In haar brief aan de Tweede Kamer pleit minister Helder op basis van het AEF-rapport om nu versneld in te zetten op een onafhankelijk integriteitscentrum voor de sport. Hier zouden de taken van het CVSN in samen komen met de landelijke inzet op het gebied van doping en matchfixing in de sport. Een stevige interventie vanuit de politiek! Is dit een diskwalificatie van de inzet vanuit de sport of juist een stimulans om het samen beter te gaan doen? Kortom, wat is hier nu eigenlijk gaande? De politiek is zich afgelopen jaren steeds meer gaan bemoeien met integriteitskwesties in de sport. Hier wordt de ambivalentie zichtbaar tussen sport als publieke zaak – velen pleiten daarom voor een 'Sportwet' – versus de zogenaamde autonomie van de sport. Als sport een publieke voorziening is, zouden de governance, regelgeving en handhaving binnen een door de overheid gecontroleerde context plaats moeten vinden. Dat is momenteel niet het geval. De sport claimt sinds jaar en dag autonomie: een eigen governancemodel, met eigen regelgeving, opleidingen en tuchtrecht. Deze spagaat gijzelt het integriteitsvraagstuk in de sport. De ingreep van Minister Helder wil hier een eind aan maken. De vraag is, welke impact heeft deze interventie op de sport?

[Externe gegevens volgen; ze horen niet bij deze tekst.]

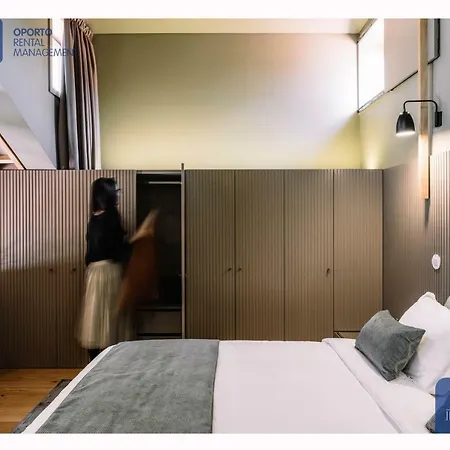 Apartmán Orm - Almada Terrace Porto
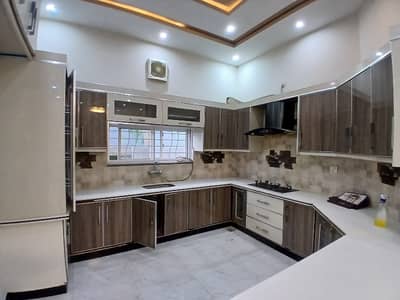10 Marla Upper Portion Available Lower Portion Lock Bahria Town Lahore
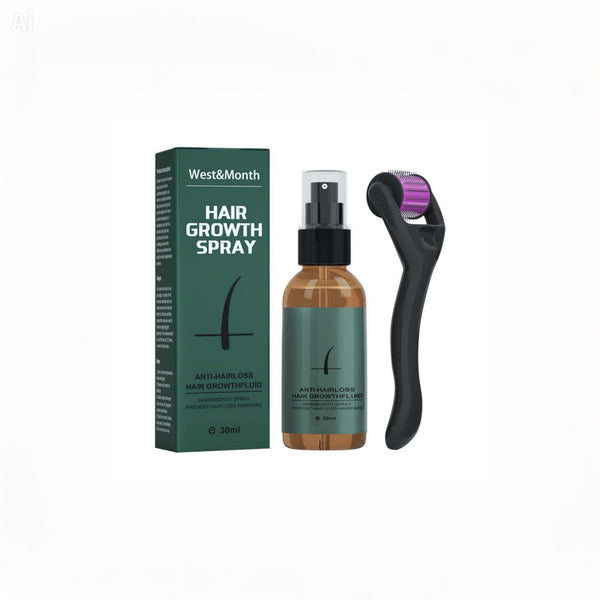 West&Month hair growth spray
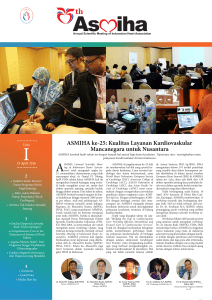 ASMIHA ke-25 - Beranisehat.com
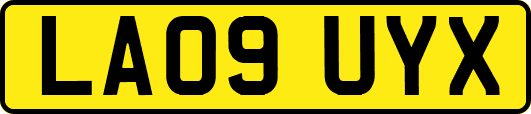 LA09UYX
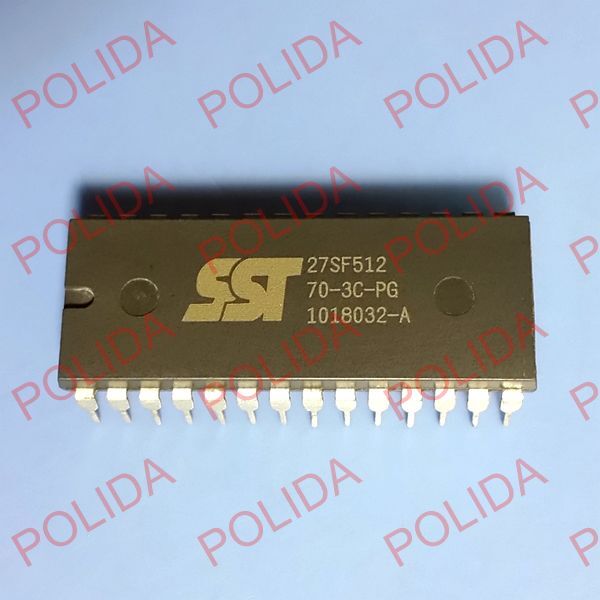 5PCS IC SST DIP-28 SST27SF512-70-3C-PG 27SF512-70-3C-PG SST27SF512 27SF512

Immers, tot de Commissie de Vries overheerste in de sport een zekere weerstand om het integriteitsvraagstuk te lijf te gaan. Hoe valt dit te begrijpen, in het licht van de traumatische feiten die zich aan ons opdringen? Er is sprake van ontkenning: in de sport voelt geen van de huidige generatie bestuurders en coaches zich schuldig aan wat in het verleden (en soms zelfs nog in het heden) heeft plaatsgevonden. Anders gezegd: men leeft in onschuld. En dan niet in juridische, maar in existentiële zin. Sport is immers dat prachtige domein, waarin zoveel mooie ervaringen zijn op te doen. Het gaat om de kracht van sport, om al die positieve maatschappelijke waarden die sport vertegenwoordigt. Daar is men ooit op aangeslagen, niet op het erkennen en bestrijden van misstanden.
Gelukkig is inmiddels een kentering gaande naar het nemen van verantwoordelijkheid, maar het blijft voor veel bestuurders en coaches een lastige zaak om de schaduwkanten van de sport werkelijk onder ogen te zien. En al helemaal om het eigen aandeel daarin te (v)erkennen. En dus domineert een juridische aanpak om het integriteitsvraagstuk in de sport te lijf te gaan, gecombineerd met voorlichting en codificering. Dit is een reactie die de schuld – in juridische zin - bij de Ander legt; een houding die het mogelijk maakt op afstand te blijven van het trauma. Maar wordt het niet tijd te erkennen dat de cultuur die het integriteitsvraagstuk gecreëerd heeft, gedragen wordt door iedereen in de sport? En dat we dus allemaal in de spiegel hebben te kijken om werkelijk duurzame verandering teweeg te brengen? Marc Overmars en al die anderen die over de schreef gingen, deden dat in de 'voor elkaar, door elkaar' cultuur in de sport die we zo graag bewieroken. En wie durfde op te staan en in te grijpen? Anders gezegd: helpt het om deze 'daders' te straffen en uit te sluiten, of ligt er een andere opgave voor? Het worden spannende tijden na de ingreep vanuit de overheid; slagen we er samen in deze enorme olifant in stukjes op te eten?